In certain aspects the method can comprise a temperature controller setting the flowrate of the C8-C10 cut based on temperature readings at some convenient location inside the first column. In further aspects the method can further comprise a temperature controller to set the flowrate of the C16+ cut based on the temperature at some convenient location inside the second column. In still a further aspect the method can further comprise a temperature controller to set the flowrate of the C18+ cut based on the temperature at some convenient location inside the third column.

In other aspects the method can use a reboiler temperature that is less than or equal to 240° C. for the first column. In still a further aspect the first column can be operated at a pressure of 9 to 15 kPa and a temperature of 140 to 235° C. In certain aspects the second column can be operated at a pressure of 1 to 4 kPa and a temperature of 175 to 232° C. In a further aspect the third column can be operated at a pressure of 0.3 to 1 kPa and a temperature of 187 to 224° C.

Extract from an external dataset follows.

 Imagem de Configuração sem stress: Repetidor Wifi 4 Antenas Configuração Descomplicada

Certain embodiments are directed to methods of fatty acid distillation, comprising: passing a feed stream comprising palm kernel oil through a first column; distributing a C6-C8 cut to a top portion of the first column and withdrawing the C6-C8 cut from the top portion of the first column; distributing a C8-C10 cut to a middle portion of the first column and withdrawing the C8-C10 cut from the middle portion of the first column, wherein a purity of the C8-C10 cut is greater than or equal to 99.8% by weight; withdrawing a C12+ cut from a bottom portion of the first column and passing the C12+ cut through a second column; distributing a C12-C14 cut to a top portion of the second column and withdrawing the C12-C14 cut from the top portion of the second column, wherein a purity of the C12-C14 cut is greater than or equal to 99% by weight; withdrawing a C16+ cut from a bottom portion of the second column and passing the C16+ cut through a third column; distributing a C16-C18 cut to a top portion of the third column and withdrawing the C16-C18 cut from the top portion of the third column, wherein a purity of the C16-C18 cut is greater than or equal to 99.9% by weight; and distributing a C18+ cut to a bottom portion of the third column.

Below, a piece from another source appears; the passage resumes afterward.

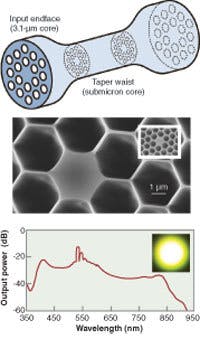 Th 0604lf09f2 Th 0604lf09f2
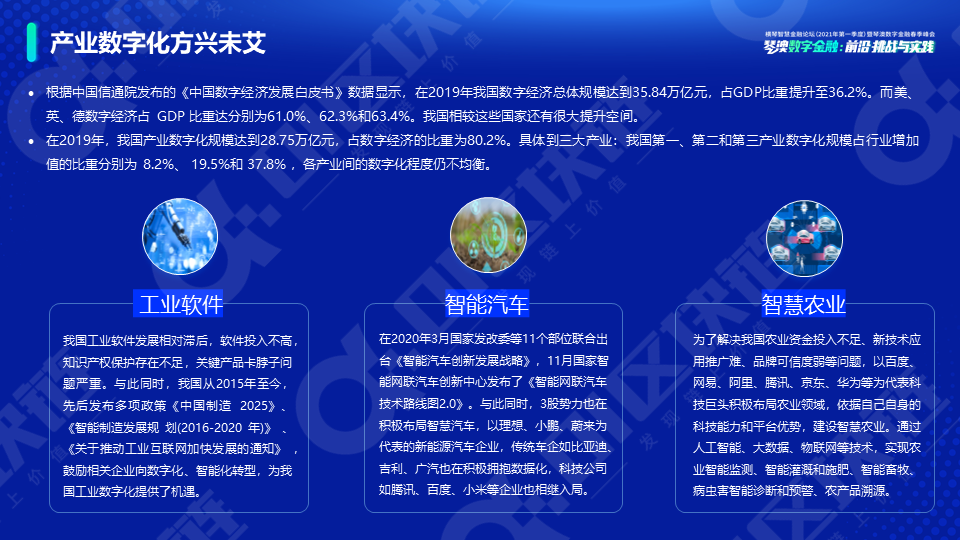 新势力崛起——全球数字资产研究报告(2021)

Other embodiments of the invention are discussed throughout this application. Any embodiment discussed with respect to one aspect of the invention applies to other aspects of the invention as well and vice versa. Each embodiment described herein is understood to be embodiments of the invention that are applicable to all aspects of the invention. It is contemplated that any embodiment discussed herein can be implemented with respect to any method or composition of the invention, and vice versa. Furthermore, compositions and kits of the invention can be used to achieve methods of the invention.

The use of the word “a” or “an” when used in conjunction with the term “comprising” in the claims and/or the specification may mean “one,” but it is also consistent with the meaning of “one or more,” “at least one,” and “one or more than one.”

Throughout this application, the term “about” is used to indicate that a value includes the standard deviation of error for the device or method being employed to determine the value.

The use of the term “or” in the claims is used to mean “and/or” unless explicitly indicated to refer to alternatives only or the alternatives are mutually exclusive, although the disclosure supports a definition that refers to only alternatives and “and/or.”

As used in this specification and claim(s), the words “comprising” (and any form of comprising, such as “comprise” and “comprises”), “having” (and any form of having, such as “have” and “has”), “including” (and any form of including, such as “includes” and “include”) or “containing” (and any form of containing, such as “contains” and “contain”) are inclusive or open-ended and do not exclude additional, unrecited elements or method steps.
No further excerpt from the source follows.